The Quest for a Moral Compass is a rationalist history of ethics in which all of the repugnant and troubling elements of rationalism have been airbrushed, Soviet-style, from the record. To be sure, the absence from the book of the sleazy side of rationalism may come in part from mere ignorance. In any event, it’s clear that Malik prefers not to know. From one angle this may be the normal dishonesty of an evangelising ideologue: Malik has a world-view to promote, and he’s not going to let awkward facts get in his way. From another perspective, The Quest for a Moral Compass is a testament to the perplexities of secular faith. Like Lecky, Malik writes in order to prop up a belief in moral progress. The difference is that while the Victorian sage appears to have had few doubts regarding the creed he was promoting, Malik often seems as anxious to persuade himself as to persuade his readers.

In common with generations of rationalist writers, Malik begins the history of moral thought with the Greeks. A more reflective writer might have asked whether these ancient thinkers had the same conception of morality as we do. After all, it’s incontestable that the idea of morality we have today – a set of principles or laws aiming to protect a uniquely precious type of human value – derives from monotheism. Nothing like this can be found among the polytheistic Greeks, who when they talked of ethics meant the art of life, including aesthetics and politics as well as what we think of as prudence or self-interest. In fact, in the sense that we understand the term, the ancient Greeks did not have a “morality” at all. Starting with the Greeks creates a problem if you want to present the history of morality as a single, continuing story – and one that ends in some version of the modern secular assertion of universal human values. Greek ethics weren’t meant to be universal, and they can’t be wrenched apart from the metaphysical framework accepted by the most influential Greek philosophers.

Aristotle may have talked of the good life for human beings, but he never meant to include most of humankind. Women and “barbarians” (non-Greeks) were excluded, while slaves achieved the good life by being instruments of their masters. This wasn’t just prejudice on Aristotle’s part: it reflected the metaphysics that underpinned his ethics. “Aristotle was a different kind of philosopher to those that had gone before,” Malik writes. “There was in him none of the poetical, speculative or mystical.” This is, at best, a half-truth. Aristotle may have valued careful observation, but his view of the world as a whole was far from empirical; everything that existed had a purpose and a function in a cosmic hierarchy of value. At the top was the “unmoved Mover”, a godlike entity that devoted itself to perpetual contemplation. It was this mystical vision, more than any kind of empirical investigation, which supported Aristotle’s belief that human beings are rational animals. If the good life for human beings – or a few favoured specimens among them – consisted in contemplation, it was because such a life connected them with something of supreme value beyond the human world.
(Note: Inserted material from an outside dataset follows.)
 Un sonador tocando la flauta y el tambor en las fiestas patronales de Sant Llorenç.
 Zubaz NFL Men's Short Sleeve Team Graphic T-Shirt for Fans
In contrast to the loving attention he lavishes on the ancient Greeks, Malik’s account of monotheism is largely hostile. When he gets round to discussing the contribution of Judaism in the fourth chapter, he focuses on Deuteronomy, “an angry work” that advocates “the brutal suppression of those who worship other gods, and, indeed, the slaughter of other ethnic groups”. He notes the existence of other biblical injunctions urging “thou shalt love thy neighbour as thyself”; but he says little about Job’s questioning of divine justice – a contribution to moral thinking more profound, to my mind, than anything in Greek philosophy. When he considers the birth of Christianity, he tells us that there was “little new” in the teachings of Jesus; any positive elements in Christianity are owed to Augustine, who for all his faults was “the last classical philosopher”. When he turns to Islam, the story is the same: he praises the religion mainly for preserving “the rationalist spirit that had been first carried by the Greeks” and for transmitting that spirit to Europe.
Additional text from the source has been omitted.